Наконец, молодой немецкий врач, доктор Дж. Эрик Боллман, преисполненный восхищения прославленным и преследуемым Лафайетом, хотя он никогда его не видел, тем не менее с энтузиазмом принял его дело и решил попытаться освободить маркиза. Встретив в Вене Фрэнсиса Кинлока Хьюгера, сына полковника Хьюгера из Южной Каролины, в чьем доме Лафайет был впервые принят, когда высадился в Америке, двое молодых людей решили попытаться любой ценой для себя его освободить.

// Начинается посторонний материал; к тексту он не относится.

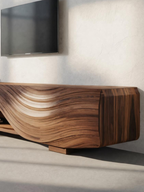 Meuble TV moderne avec motif ondulé sculpté pour salon SITHTTTVC019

Они были настолько успешны, что с их помощью Лафайет ускользнул от своих тюремщиков во время прогулки, сел на лошадь, предоставленную его друзьями, и сумел добраться до Штернберга, но был там снова арестован и доставлен обратно, чтобы претерпеть еще большие мучения в своей отвратительной тюрьме в Ольмюце. Его два преданных друга также были схвачены и вынуждены были страдать в заключении в течение шести месяцев в качестве наказания за свой бескорыстный поступок; в то время как Лафайету его жестокие мучители сообщили, что его ревностные друзья должны быть казнены за их попытку в его пользу.

ГЛАВА VII.

Сочинения Виржини Лафайет — Ее рассказ о приближении Революции — Ее повествование об участии отца в ужасной трагедии — Тревоги ее матери — Опасности семьи Лафайет — Арест мадам Лафайет — Ее героическое мужество — Известие о заключении генерала Лафайета — Письмо мадам Лафайет господину Ролану — Мадам Лафайет освобождена под честное слово — Ее письмо королю Пруссии — Господин Ролан обеспечивает освобождение мадам Лафайет от честного слова — Мадам Лафайет снова арестована — Храброе поведение ее дочери Анастаси — Мадам Лафайет заключена в Бриуде — Ее доброе внимание к товарищам по заключению — Ее тюремщик подкуплен, чтобы позволить визиты ее детей — Арест сестры, матери и бабушки мадам Лафайет — Мадам Лафайет перевезена в Париж — Безуспешные усилия в ее пользу — Мать, сестра и бабушка мадам Лафайет погибают на эшафоте — Патетическое описание мадам Лафайет их ужасной участи.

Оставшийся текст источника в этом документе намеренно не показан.